'Playing along': Crimean official dismisses Turkey’s statement in support of Ukraine
A senior Republic of Crimea official has dismissed the Turkish president’s statement supporting ‘the territorial integrity of Ukraine’, describing it as a manifestation of ‘political flexibility’ & noting that it cannot affect Crimea’s current status.
“A demand for this was demonstrated primarily by [Ukrainian President Petro] Poroshenko. [Turkish President Recep Tayyip] Erdoğan was simply playing along,” Deputy Prime Minister of the Crimean government Georgiy Muradov said in an interview with RT.
“We can see from Erdoğan’s other trips and meetings that he is not very fond of making such statements on his own initiative. He simply needed to keep afloat what is left of relations between Turkey and Ukraine,” Muradov added.
The comment came on Monday during President Erdoğan’s official visit to Kiev, when he said that Turkey will continue to support Ukraine's sovereignty and territorial integrity.
Muradov said that by this statement Erdoğan demonstrated political flexibility that is necessary in diplomacy, but it could not hide the fact that the relations between Ukraine and Turkey are in crisis. He noted that even Crimean Tatars now living in Turkey demonstrate their support of Crimea’s reunification with Russia and this simply cannot be left unnoticed. In conclusion, the Crimean deputy PM emphasized that Erdoğan’s statement would not have any effect of the status of the republic.

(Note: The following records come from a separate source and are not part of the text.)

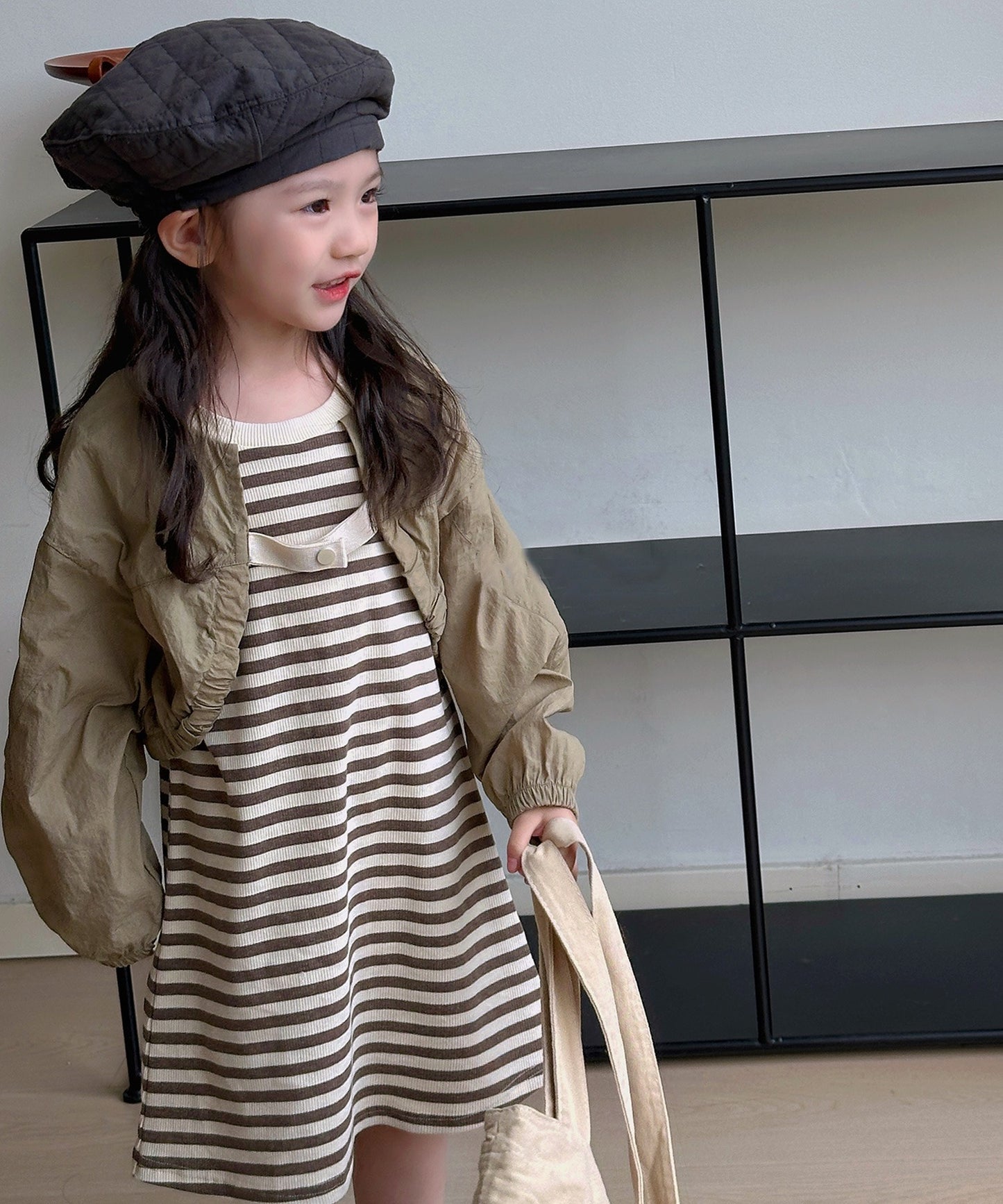 【aimoha-KIDS-】子供服　レイヤード風ボーター柄ワンピース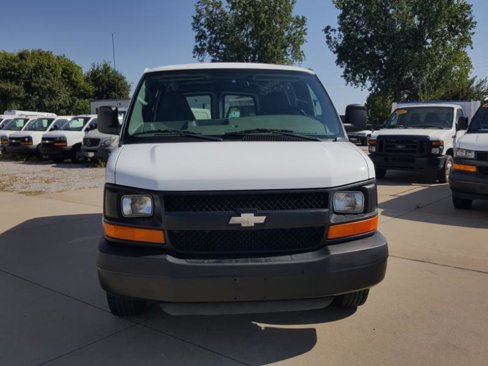 Used 2008 Chevrolet Express 2500 image 4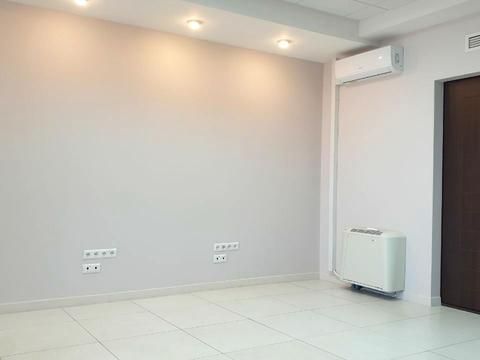 комерційна за адресою Антоновича вул. (Горького), 172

The head of the Russian Upper House Commission for Information Policy Senator Aleksey Pushkov expressed a similar opinion in a Twitter statement. “Whether Erdoğan recognizes that Crimea belongs to Russia or not is not likely to change Crimea’s status. He knows that, and he simply says what Poroshenko likes to hear,” he wrote.
The Crimean Republic reunited with the Russian Federation in mid-2014, after over 96 percent of its population approved the move in a referendum. The decision was prompted by the ouster of the democratically-elected president of Ukraine in a violent coup in Kiev, and the installation of a nationalist-backed government that almost immediately declared war on pro-Russia regions in the country’s southeast which had refused to recognize the newly-imposed leadership.